■ Exercise requirements:
Could you retype, exactly and with no pictures, only the lines from the first line of the records below through the line that contains "Ретро Панк Круглые"?

(Stored items from a collection)
■ ■ ■

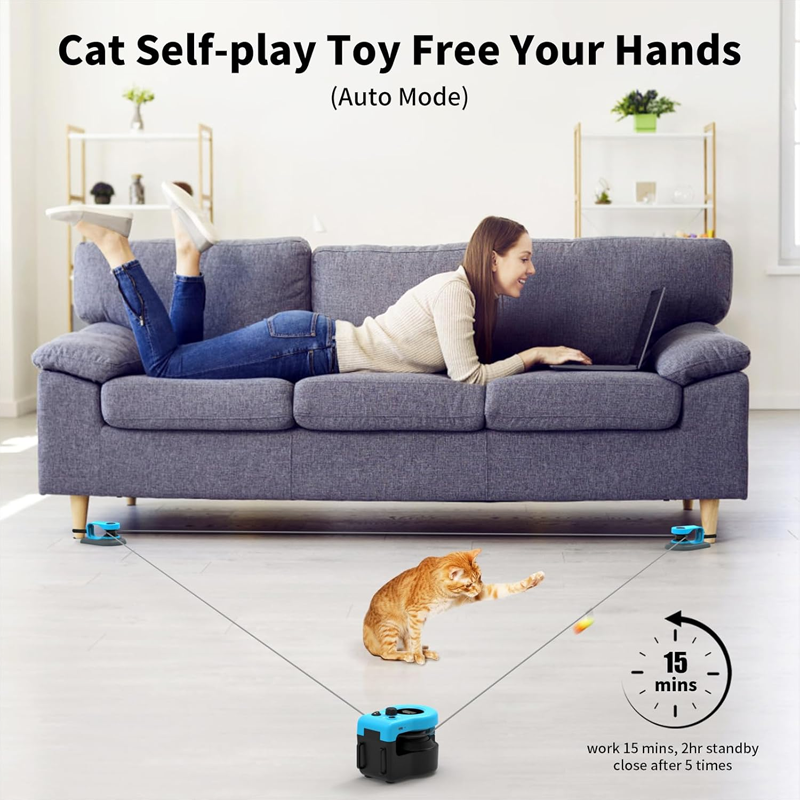 Automatic Manual Weight Loss Running Rope Cat Walking Toy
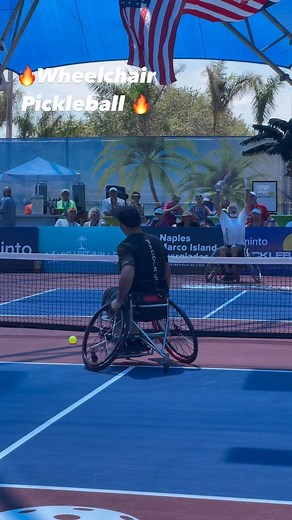 202 reactions · 98 shares | The @usopenpickleball Championships define pickleball. Wheelchair pickleball is on fire and supported by the crowd. Watch the US OPEN all week on Pickleball Channel. #pickleball | Pickleball Channel | Facebook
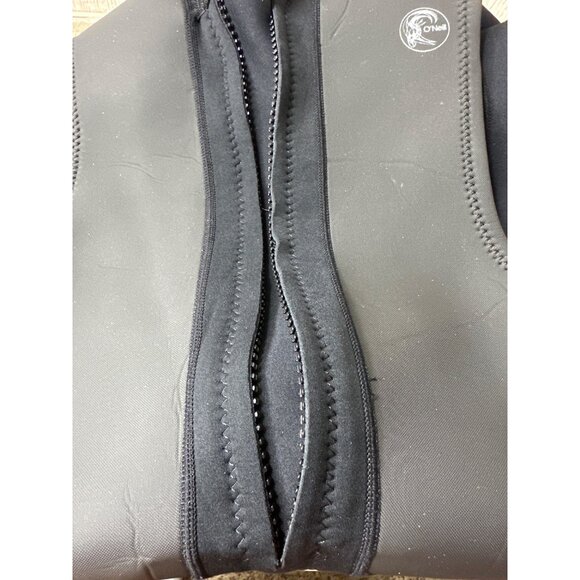 ONeill Mens M Sleeveless Wetsuit Short Bibs 2 MM Black ***READ*** Broken ZIpper - Picture 7 of 8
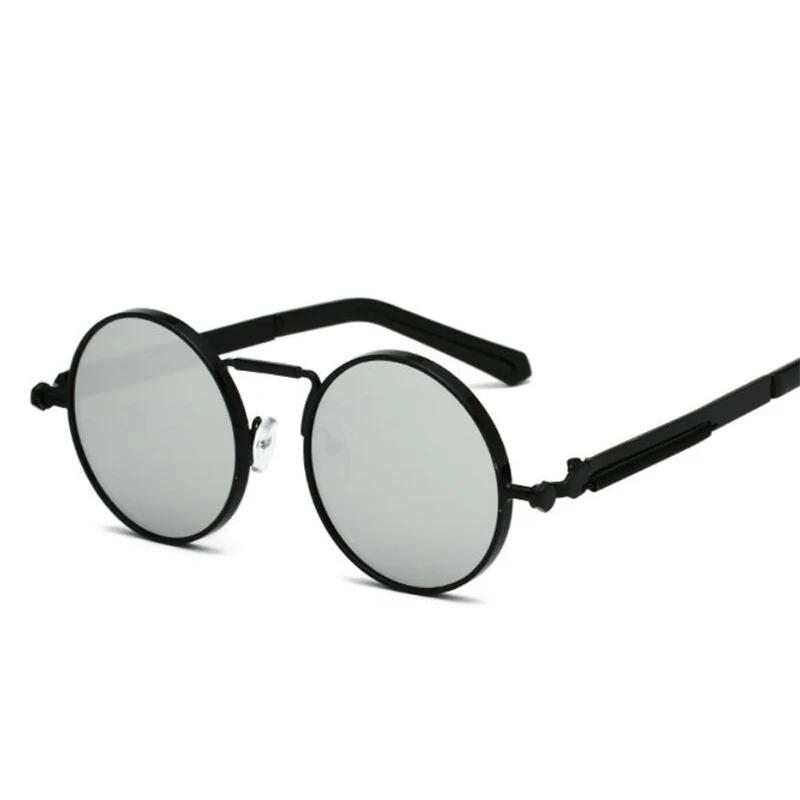 

Ретро Панк Круглые Солнцезащитные Очки на Пружинных Дужках Мужские Поляризованные Металлические Синие Линзы для Миопии Рецептурные Солнцезащитные Очки Женские 0 -0.5 -0.75 До -6.0 0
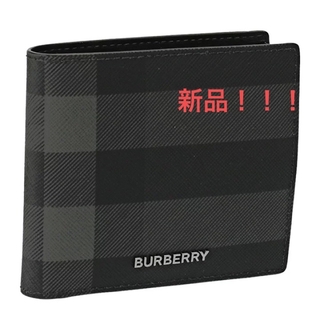 バーバリー(BURBERRY)のバーバリー　メンズ財布　チャコール　新品(折り財布)
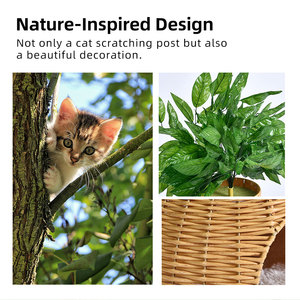Mobili per Gatti in Vimini e Rattan Fatti a Mano Personalizzabili con Foglie - Product Image 6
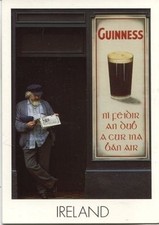 Alte Postkarte - Guinness - Ireland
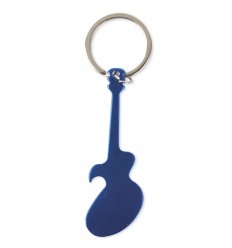 Llavero Abridor en forma de Guitarra personalizado Color Azul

■ ■ ■

■ Written response:
 Automatic Manual Weight Loss Running Rope Cat Walking Toy
 202 reactions · 98 shares | The @usopenpickleball Championships define pickleball. Wheelchair pickleball is on fire and supported by the crowd. Watch the US OPEN all week on Pickleball Channel. #pickleball | Pickleball Channel | Facebook
 ONeill Mens M Sleeveless Wetsuit Short Bibs 2 MM Black ***READ*** Broken ZIpper - Picture 7 of 8

Ретро Панк Круглые Солнцезащитные Очки на Пружинных Дужках Мужские Поляризованные Металлические Синие Линзы для Миопии Рецептурные Солнцезащитные Очки Женские 0 -0.5 -0.75 До -6.0 0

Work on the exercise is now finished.